Research undertaken by the HSL Facts and Misconceptions About Age, Health Status and Employability as far back as 2005 identified that there are physical, sensory and cognitive changes to older workers. For example, there is between a 20–40% reduction in muscle strength and endurance between the ages of 20 and 60. A higher proportion of older workers will potentially mean more people with chronic conditions at work, so making good rehabilitation and return-to-work of increasing importance. But these can all be managed and minimised. Don’t forget that changes made will benefit all workers, not just older ones, and the impact of ageing on employees is as varied as the individuals concerned.

Patrick Thomson, Senior Programme Manager at the Centre for Ageing Better concludes that: “Managers who understand this and manage their workforce sensitively and positively will benefit from better staff retention, improved knowledge transfer — which can be incredibly beneficial to wider team performance — and better employee relations overall. There is of course then a knock-on benefit in terms of lower recruitment and training costs as the team is more stable, there is much greater peer-to-peer learning, the culture is positive and hopefully workplace issues can be more easily resolved.”

All organisations will have to manage an ageing workforce but a workforce that will become highly diversified. Many managers still need to fully appreciate the practical impact their multi-generational workforce can have on their businesses or organisations, but attitudes are changing to see older workers as an asset that needs to be continually nurtured. What is clear is that an ageing workforce isn’t a burden to be mitigated, but one to be appreciated and supported with practical steps to retain their knowledge and expertise.

Five key workplace improvements

Natural light

The most effective way to boost mental wellbeing across the generations is to increase exposure to natural light in the workplace; 87% of the over 55s and 83% of the under 25s state exposure to natural light is important in supporting their mental health and wellbeing at work, yet only 56% of 55+ year olds and 63% of under 25s have exposure to natural light sources within their working environment.


Companies are failing to meaningfully engage with their employees.
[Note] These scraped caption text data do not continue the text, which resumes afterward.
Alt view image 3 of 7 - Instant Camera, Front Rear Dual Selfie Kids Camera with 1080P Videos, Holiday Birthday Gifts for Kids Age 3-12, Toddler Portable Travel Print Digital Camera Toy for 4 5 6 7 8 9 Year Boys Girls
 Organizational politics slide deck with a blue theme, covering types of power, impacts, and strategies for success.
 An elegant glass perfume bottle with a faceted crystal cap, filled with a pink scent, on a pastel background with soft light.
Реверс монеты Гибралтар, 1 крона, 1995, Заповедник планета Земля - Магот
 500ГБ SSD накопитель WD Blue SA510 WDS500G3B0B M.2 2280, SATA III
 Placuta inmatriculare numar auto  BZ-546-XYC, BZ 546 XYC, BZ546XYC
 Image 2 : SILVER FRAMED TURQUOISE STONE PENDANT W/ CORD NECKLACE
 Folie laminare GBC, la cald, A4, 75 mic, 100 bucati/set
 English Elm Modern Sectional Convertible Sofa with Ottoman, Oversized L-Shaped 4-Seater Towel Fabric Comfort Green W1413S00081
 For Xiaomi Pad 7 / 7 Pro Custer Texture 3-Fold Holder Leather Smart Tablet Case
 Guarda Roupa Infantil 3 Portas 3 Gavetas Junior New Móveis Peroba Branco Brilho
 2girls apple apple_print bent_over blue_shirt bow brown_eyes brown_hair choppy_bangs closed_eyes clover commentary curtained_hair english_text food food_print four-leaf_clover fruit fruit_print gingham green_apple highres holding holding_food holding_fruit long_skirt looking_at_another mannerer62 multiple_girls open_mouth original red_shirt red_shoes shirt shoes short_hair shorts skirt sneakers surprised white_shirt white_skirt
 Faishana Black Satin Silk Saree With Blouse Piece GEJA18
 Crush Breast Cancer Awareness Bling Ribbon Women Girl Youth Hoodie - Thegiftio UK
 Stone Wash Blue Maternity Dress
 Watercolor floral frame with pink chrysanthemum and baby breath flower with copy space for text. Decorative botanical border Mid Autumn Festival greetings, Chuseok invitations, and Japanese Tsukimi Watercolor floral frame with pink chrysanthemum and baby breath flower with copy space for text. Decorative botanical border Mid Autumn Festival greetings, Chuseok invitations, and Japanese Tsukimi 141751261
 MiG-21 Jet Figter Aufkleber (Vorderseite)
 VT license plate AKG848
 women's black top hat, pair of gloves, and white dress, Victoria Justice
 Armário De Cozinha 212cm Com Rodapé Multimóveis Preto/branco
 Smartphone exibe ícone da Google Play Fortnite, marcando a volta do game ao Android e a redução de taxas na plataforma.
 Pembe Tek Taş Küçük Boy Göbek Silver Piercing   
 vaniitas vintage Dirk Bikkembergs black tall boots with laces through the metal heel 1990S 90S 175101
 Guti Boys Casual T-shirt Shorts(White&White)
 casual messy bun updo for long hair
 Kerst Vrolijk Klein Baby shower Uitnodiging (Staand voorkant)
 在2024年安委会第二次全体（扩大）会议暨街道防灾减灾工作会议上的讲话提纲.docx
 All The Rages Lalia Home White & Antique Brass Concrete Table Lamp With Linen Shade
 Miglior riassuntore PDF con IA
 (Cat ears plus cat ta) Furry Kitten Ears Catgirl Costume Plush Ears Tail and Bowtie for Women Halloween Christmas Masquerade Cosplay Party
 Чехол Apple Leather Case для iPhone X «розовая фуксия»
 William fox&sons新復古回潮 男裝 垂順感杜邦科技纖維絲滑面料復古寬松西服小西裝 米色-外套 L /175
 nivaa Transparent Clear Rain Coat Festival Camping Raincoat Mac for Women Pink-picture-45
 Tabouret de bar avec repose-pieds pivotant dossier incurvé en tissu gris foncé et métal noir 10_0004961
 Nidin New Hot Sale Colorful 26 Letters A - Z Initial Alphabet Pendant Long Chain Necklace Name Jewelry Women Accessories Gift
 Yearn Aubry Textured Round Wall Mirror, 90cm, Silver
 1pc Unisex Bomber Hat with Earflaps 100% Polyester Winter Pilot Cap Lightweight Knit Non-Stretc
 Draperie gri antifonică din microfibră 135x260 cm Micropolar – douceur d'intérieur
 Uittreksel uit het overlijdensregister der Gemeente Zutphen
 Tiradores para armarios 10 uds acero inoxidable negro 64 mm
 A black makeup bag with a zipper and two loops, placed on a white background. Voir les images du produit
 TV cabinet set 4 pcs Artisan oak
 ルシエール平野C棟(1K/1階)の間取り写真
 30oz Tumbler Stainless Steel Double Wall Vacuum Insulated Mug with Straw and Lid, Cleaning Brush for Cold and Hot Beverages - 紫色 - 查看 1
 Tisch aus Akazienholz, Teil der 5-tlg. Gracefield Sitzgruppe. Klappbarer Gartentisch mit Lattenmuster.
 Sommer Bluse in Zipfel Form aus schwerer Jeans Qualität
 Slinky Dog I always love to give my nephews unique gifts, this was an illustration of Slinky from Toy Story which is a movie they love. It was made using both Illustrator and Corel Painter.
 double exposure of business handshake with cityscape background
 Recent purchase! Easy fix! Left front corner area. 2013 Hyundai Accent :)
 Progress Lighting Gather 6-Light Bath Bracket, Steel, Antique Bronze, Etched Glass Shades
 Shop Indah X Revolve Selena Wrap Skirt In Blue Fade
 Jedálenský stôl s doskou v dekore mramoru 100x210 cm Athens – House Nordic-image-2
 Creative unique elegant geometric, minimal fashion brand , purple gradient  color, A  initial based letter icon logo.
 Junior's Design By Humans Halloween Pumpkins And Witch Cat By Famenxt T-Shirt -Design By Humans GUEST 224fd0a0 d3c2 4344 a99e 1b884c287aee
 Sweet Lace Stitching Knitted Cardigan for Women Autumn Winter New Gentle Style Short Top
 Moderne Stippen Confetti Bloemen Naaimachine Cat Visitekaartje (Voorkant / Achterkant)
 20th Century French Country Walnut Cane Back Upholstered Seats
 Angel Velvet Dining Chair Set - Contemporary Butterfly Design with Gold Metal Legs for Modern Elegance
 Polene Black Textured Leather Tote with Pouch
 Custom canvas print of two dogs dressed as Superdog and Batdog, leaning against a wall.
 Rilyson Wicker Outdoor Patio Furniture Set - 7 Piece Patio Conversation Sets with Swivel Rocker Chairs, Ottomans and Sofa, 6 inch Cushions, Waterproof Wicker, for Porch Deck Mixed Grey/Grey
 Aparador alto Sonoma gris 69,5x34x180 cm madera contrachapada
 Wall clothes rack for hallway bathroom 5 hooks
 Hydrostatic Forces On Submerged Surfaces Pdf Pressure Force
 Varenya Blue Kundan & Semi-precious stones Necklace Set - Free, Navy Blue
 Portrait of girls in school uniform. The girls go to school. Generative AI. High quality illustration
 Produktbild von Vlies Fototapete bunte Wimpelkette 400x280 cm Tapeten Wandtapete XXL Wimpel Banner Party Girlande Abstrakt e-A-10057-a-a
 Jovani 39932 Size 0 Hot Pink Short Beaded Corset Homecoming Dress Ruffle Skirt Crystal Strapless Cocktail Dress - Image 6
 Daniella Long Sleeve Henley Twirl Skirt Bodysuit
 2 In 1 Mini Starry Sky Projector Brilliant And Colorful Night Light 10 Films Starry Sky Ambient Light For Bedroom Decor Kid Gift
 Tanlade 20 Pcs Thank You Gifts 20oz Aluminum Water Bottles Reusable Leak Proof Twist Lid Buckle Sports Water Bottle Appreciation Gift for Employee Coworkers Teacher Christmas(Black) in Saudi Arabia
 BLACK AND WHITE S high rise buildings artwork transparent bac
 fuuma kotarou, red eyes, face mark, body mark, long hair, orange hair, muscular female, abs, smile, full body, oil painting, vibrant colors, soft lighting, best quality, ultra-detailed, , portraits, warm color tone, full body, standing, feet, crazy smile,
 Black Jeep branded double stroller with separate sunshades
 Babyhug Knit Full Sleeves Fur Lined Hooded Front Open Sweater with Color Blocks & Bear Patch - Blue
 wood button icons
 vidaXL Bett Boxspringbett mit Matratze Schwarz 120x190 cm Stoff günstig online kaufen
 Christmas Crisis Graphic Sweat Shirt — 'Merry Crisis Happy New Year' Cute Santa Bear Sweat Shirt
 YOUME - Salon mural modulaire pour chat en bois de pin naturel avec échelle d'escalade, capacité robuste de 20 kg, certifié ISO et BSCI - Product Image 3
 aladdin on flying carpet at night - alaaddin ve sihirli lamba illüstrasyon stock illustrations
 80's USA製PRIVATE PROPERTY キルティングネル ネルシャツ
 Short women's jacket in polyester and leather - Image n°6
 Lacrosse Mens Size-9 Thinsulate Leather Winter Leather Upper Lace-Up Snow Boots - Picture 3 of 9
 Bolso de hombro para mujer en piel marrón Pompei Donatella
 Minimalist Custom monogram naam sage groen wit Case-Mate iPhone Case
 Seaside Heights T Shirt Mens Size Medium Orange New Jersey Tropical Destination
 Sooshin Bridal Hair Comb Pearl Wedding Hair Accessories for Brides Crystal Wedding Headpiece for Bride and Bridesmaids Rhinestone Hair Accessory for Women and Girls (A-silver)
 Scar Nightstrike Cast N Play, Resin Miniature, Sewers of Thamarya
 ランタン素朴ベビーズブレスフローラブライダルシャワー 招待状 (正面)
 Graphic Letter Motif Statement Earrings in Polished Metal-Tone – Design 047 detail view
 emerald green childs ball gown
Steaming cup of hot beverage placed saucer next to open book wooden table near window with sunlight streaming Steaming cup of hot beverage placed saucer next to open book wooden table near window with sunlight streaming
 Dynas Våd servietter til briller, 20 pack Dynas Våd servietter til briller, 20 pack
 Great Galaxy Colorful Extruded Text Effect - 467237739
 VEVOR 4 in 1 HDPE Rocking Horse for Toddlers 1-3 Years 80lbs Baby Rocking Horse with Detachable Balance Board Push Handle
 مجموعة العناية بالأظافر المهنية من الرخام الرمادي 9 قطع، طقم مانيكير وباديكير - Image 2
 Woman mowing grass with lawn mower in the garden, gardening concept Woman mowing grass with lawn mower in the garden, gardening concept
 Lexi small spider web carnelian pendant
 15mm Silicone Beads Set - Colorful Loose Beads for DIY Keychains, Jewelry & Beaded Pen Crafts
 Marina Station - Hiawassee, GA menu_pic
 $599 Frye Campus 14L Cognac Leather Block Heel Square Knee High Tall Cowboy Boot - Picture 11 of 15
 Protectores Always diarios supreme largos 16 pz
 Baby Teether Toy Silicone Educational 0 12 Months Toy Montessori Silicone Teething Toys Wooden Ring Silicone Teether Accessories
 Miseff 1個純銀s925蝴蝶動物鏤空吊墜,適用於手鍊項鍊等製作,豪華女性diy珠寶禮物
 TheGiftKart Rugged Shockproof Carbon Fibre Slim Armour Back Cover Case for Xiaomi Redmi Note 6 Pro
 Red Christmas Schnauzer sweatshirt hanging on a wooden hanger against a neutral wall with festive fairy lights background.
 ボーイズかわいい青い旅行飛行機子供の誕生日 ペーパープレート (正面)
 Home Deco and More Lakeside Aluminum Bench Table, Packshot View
Despite spending much of their day in the office, many employees do not feel that their company values their opinion on the workplace environment — only 17% of over 55s and 37% under 25s think their opinion is valued — and both age groups state they are rarely involved in discussions about potential changes for the office environment. To boost trust among their workforce, employers should conduct a solid change management programme and ensure they take the time to understand what their employees want and need from an office environment, engaging with them about any proposed changes.

Quiet areas

Both generations highly value quiet spaces at work — 80% of the over 55s and 80% of the under 25s say they value quiet spaces at work yet only a minority actually have them (34% of 55+ year olds and 39% of the under 25s). For a simple yet effective solution, employers should seek to increase the designated quiet areas and zones that staff can retreat to and include escape cocoon seating around the workplace.

Personal space

Nine in ten (89%) of 55+ year olds and 80% of the under 25s value personal workspaces, yet only 69% of 55+ year olds and 61% of the under 25s have a place to call their own in the office. To address this discrepancy, companies must look beyond the modern hot-desking trend, consult their employees about what they really need to work productively and make the necessary changes to create a variety of workspaces so workers can select their own suitable space according to their personality and tasks.

Tools and technology

Eighty-three percent of the over 55s and the under 25s value tools and technology in the workplace, however, surprisingly only just over half of the over 55s (54%) and the under 25s (52%) say they have them. Employers should consult their employees about what tools and technology they need to be more effective at work. Failure to provide the right tools and technology will prevent them being mobile in the workplace and they will not utilise the variety of workspaces available.